> **TRY IT**
An exact copy of every record, with no pictures, please.

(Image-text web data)
*** Block opens ***

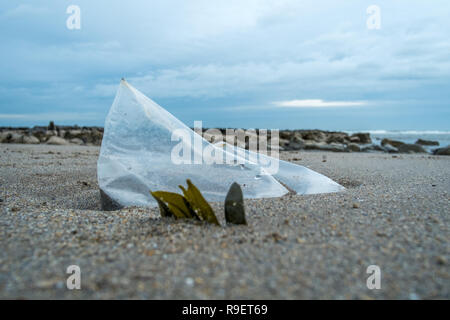 Plastic objects washed up on beach or in the street Stock Photo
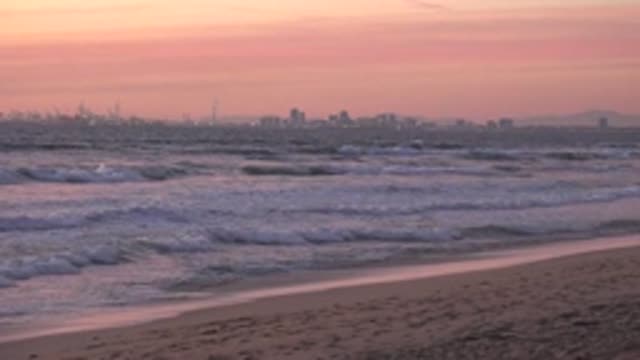 HUNTINGTON BEACH CALIFORNIA-2020: Many Waves Are Flapping Into A Large Beach In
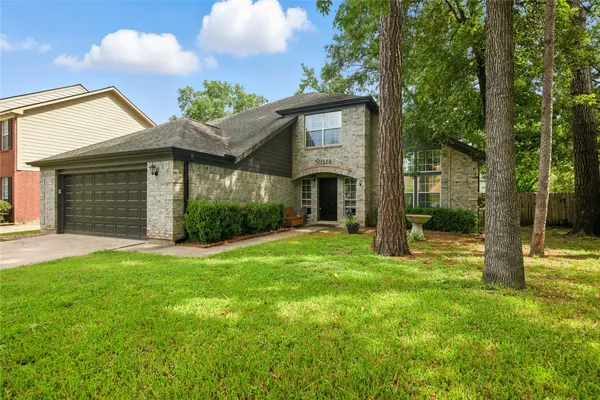 a view of a house with backyard and a tree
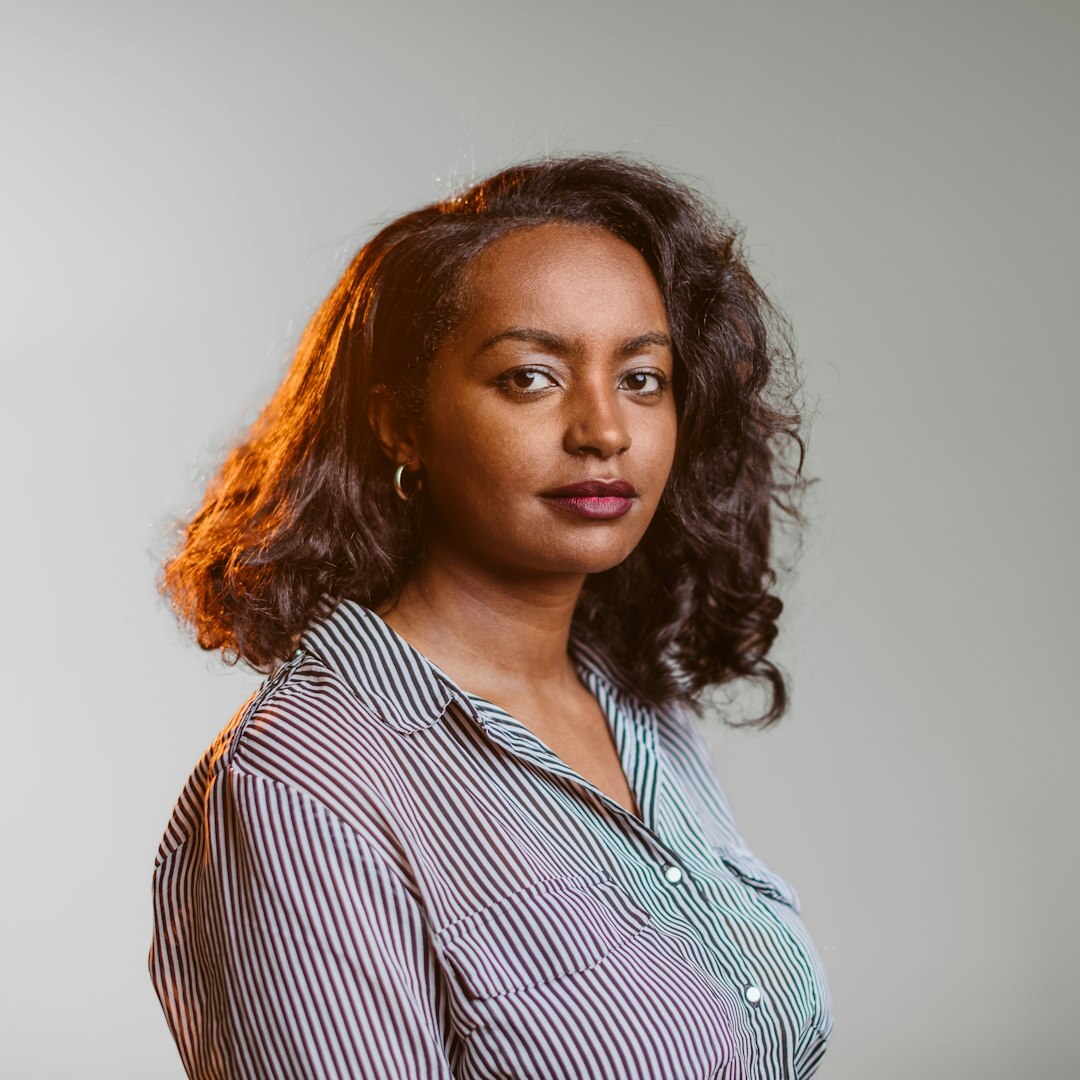 Professional headshot of a woman smiling in business attire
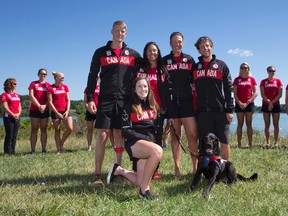 Canadian Paralympic para-rowers Kristen Kit, front, Curtis Halladay, Andrew Todd, Meghan Montgomery and Victoria Nolan, with her guide dog Alan, are introduced to members of the media at the Doug Wells Rowing Centre at Fanshawe Lake in London, Ont. on Tuesday July 26, 2016. Members of the Olympic rowing team, pictured in back, were on hand to show their support for the athletes heading to Rio.  Craig Glover/The London Free Press/Postmedia Network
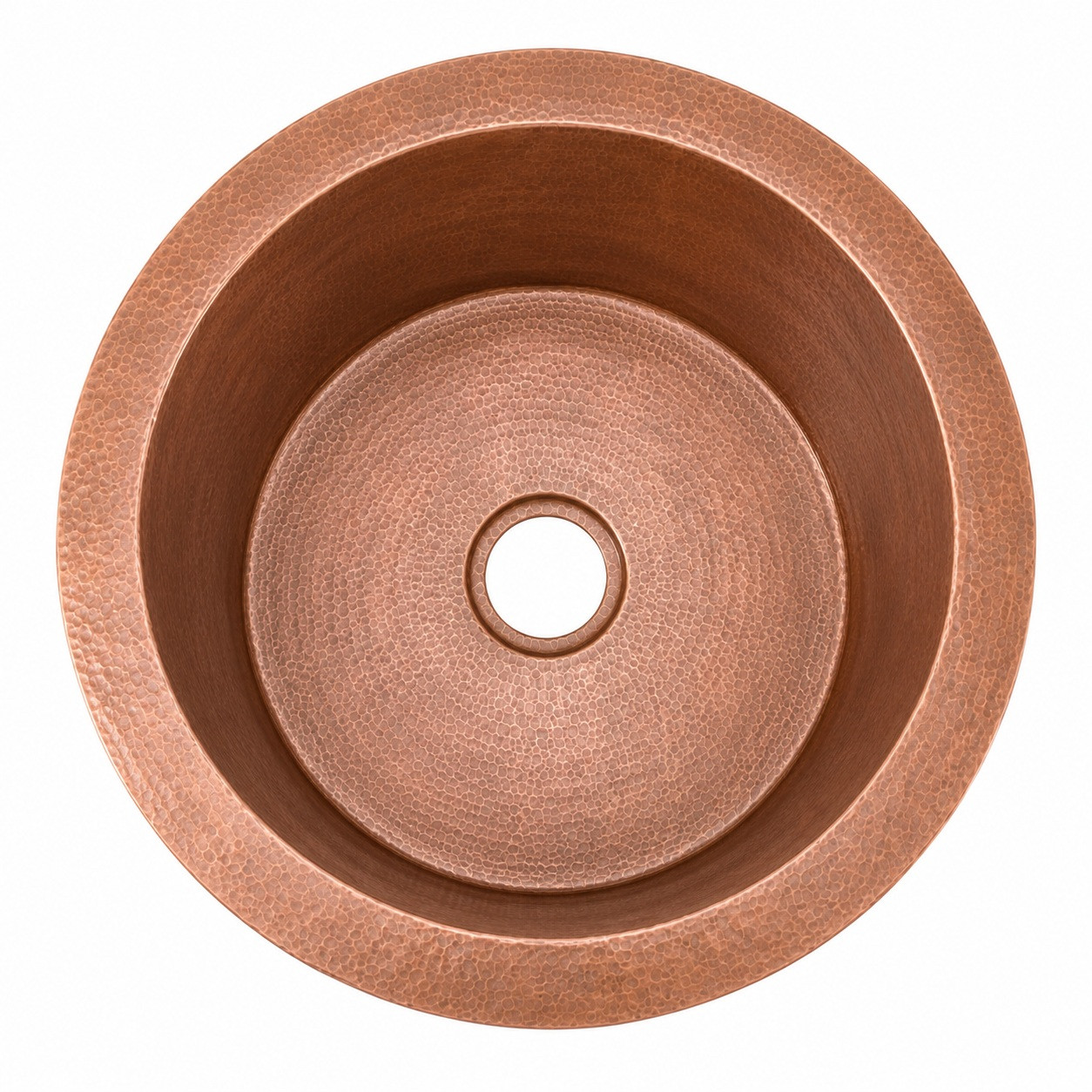 Round hammered copper bar sink viewed from above with centered 3 1/2 inch drain opening and circular basin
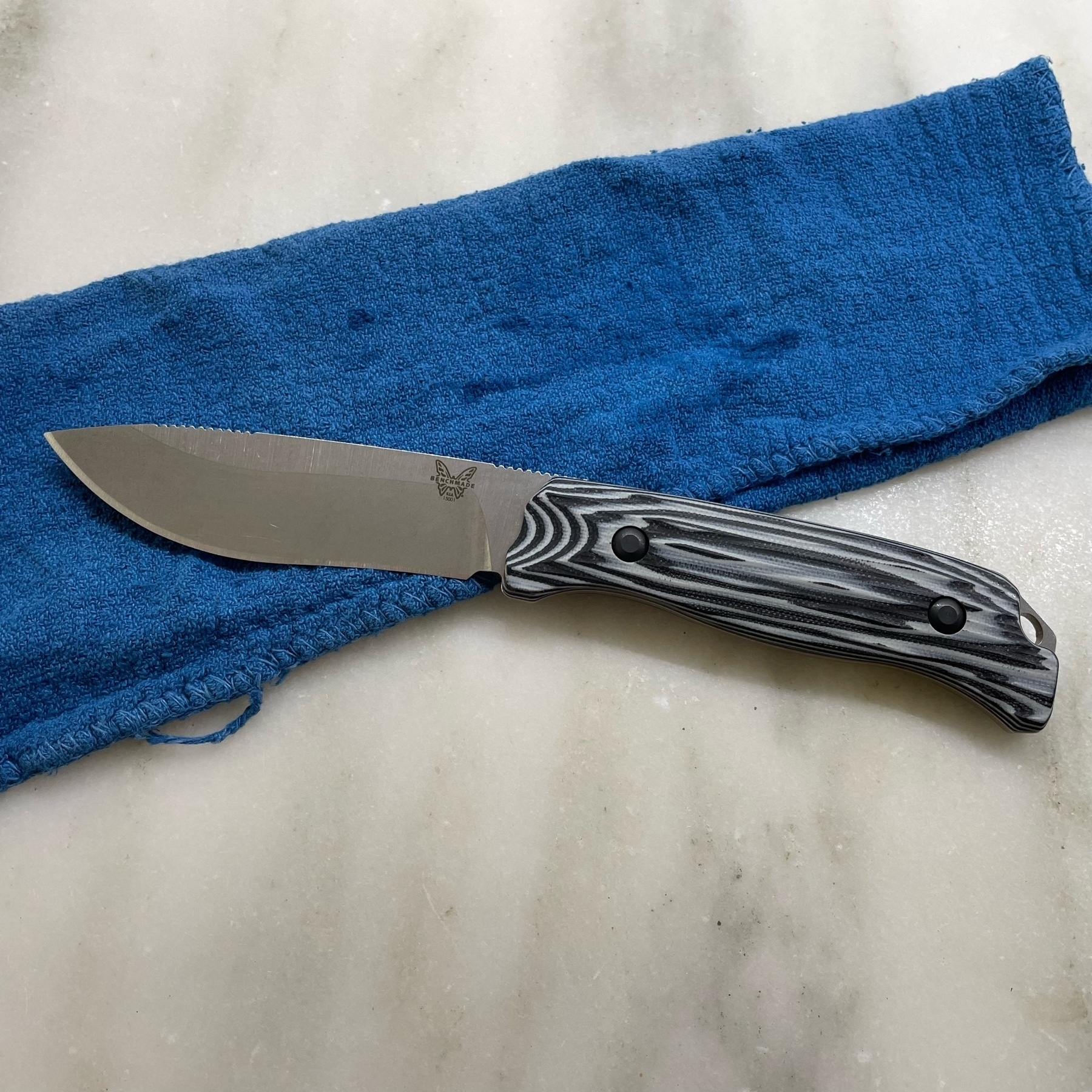 Knife on blue shop cloth
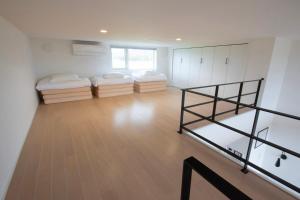 ein Zimmer mit zwei Betten und einer Treppe darin in der Unterkunft Yadoya YADOKARI 2nd in Pippu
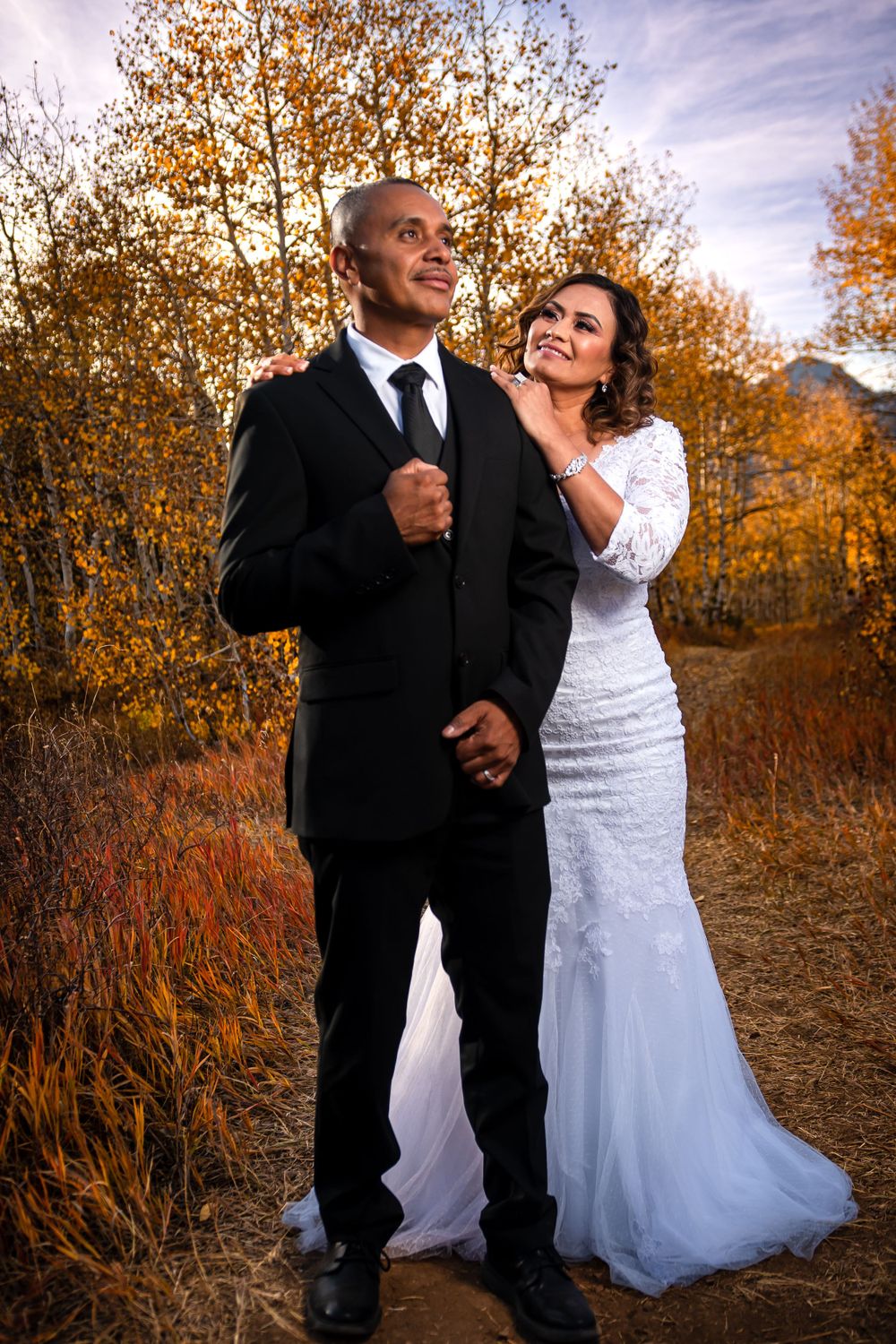 Happy couple in wedding attire embracing outdoors surrounded by golden autumn foliage.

*** Block closes ***

> **RESPONSE AREA**
 Plastic objects washed up on beach or in the street Stock Photo
 HUNTINGTON BEACH CALIFORNIA-2020: Many Waves Are Flapping Into A Large Beach In
 a view of a house with backyard and a tree
 Professional headshot of a woman smiling in business attire
 Canadian Paralympic para-rowers Kristen Kit, front, Curtis Halladay, Andrew Todd, Meghan Montgomery and Victoria Nolan, with her guide dog Alan, are introduced to members of the media at the Doug Wells Rowing Centre at Fanshawe Lake in London, Ont. on Tuesday July 26, 2016. Members of the Olympic rowing team, pictured in back, were on hand to show their support for the athletes heading to Rio.  Craig Glover/The London Free Press/Postmedia Network
 Round hammered copper bar sink viewed from above with centered 3 1/2 inch drain opening and circular basin
 Knife on blue shop cloth
 ein Zimmer mit zwei Betten und einer Treppe darin in der Unterkunft Yadoya YADOKARI 2nd in Pippu
 Happy couple in wedding attire embracing outdoors surrounded by golden autumn foliage.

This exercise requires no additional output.